Short web captions
╔══

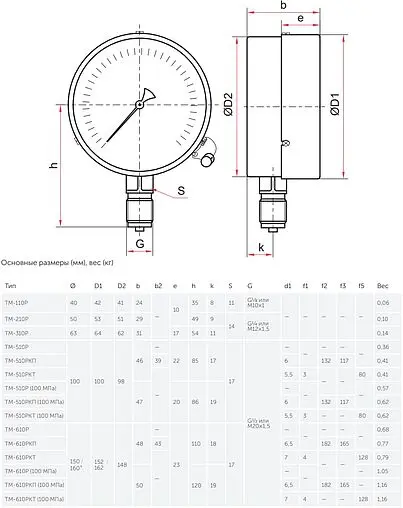 Манометр радиальный Росма ТМ-510Р.00 100мм 25 бар 1/2" 00000007303 ...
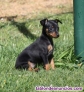Fotos del anuncio: Regalo - Miniatura Pinscher Cachorros +34 613655850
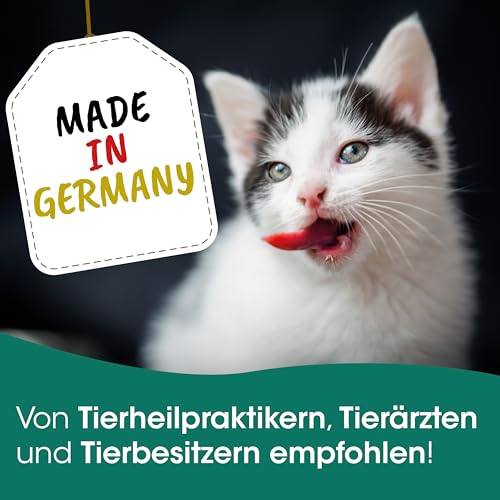 cdVet Naturprodukte FischSnack Beutel 250 g - Hund, Katze - Einzelfuttermittel - Belohnung - wertvolle Omega Fettsäuren - natürlich - luftgetrocknet - ohne Farbstoffe + Konservierungsstoffe -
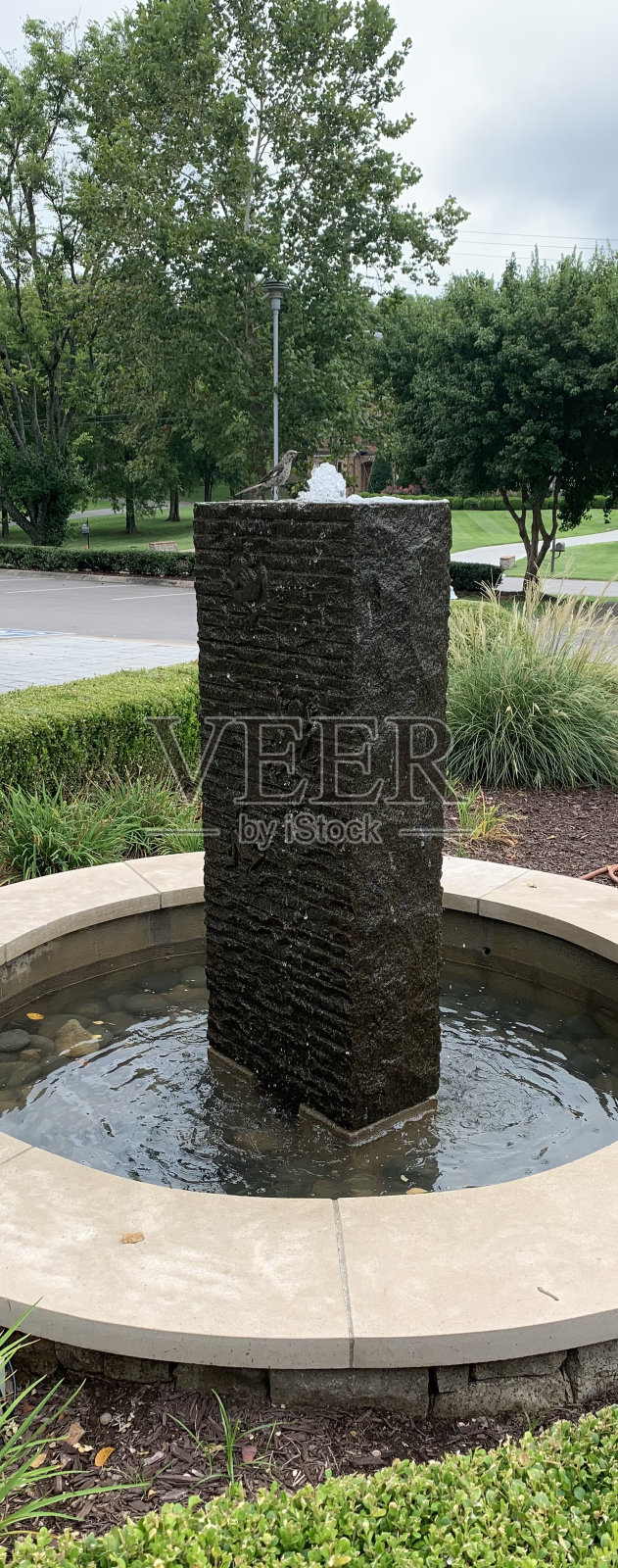 鸟儿参观宁静的泡泡喷泉照片摄影图片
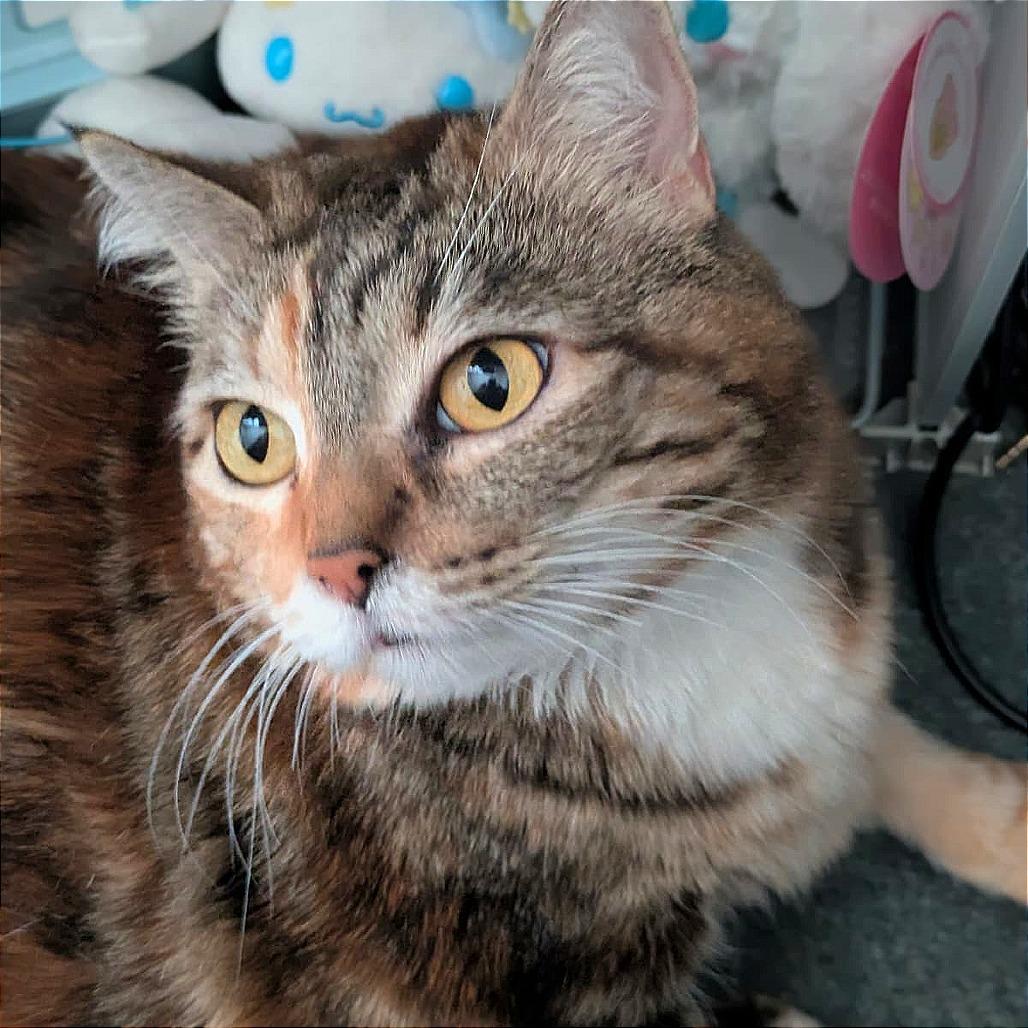 Enlarge Mirah, a Adoptable Domestic Short Hair in Morgan Hill, CA image 2/4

╚══

- **WORK ORDER**:
Reproduce exactly, and only, the part of the entries above that runs from the line with "cdVet Naturprodukte FischSnack" to the last line, both included. Pictures stay out.

- **PROBLEM SOLUTION**:
 cdVet Naturprodukte FischSnack Beutel 250 g - Hund, Katze - Einzelfuttermittel - Belohnung - wertvolle Omega Fettsäuren - natürlich - luftgetrocknet - ohne Farbstoffe + Konservierungsstoffe -
 鸟儿参观宁静的泡泡喷泉照片摄影图片
 Enlarge Mirah, a Adoptable Domestic Short Hair in Morgan Hill, CA image 2/4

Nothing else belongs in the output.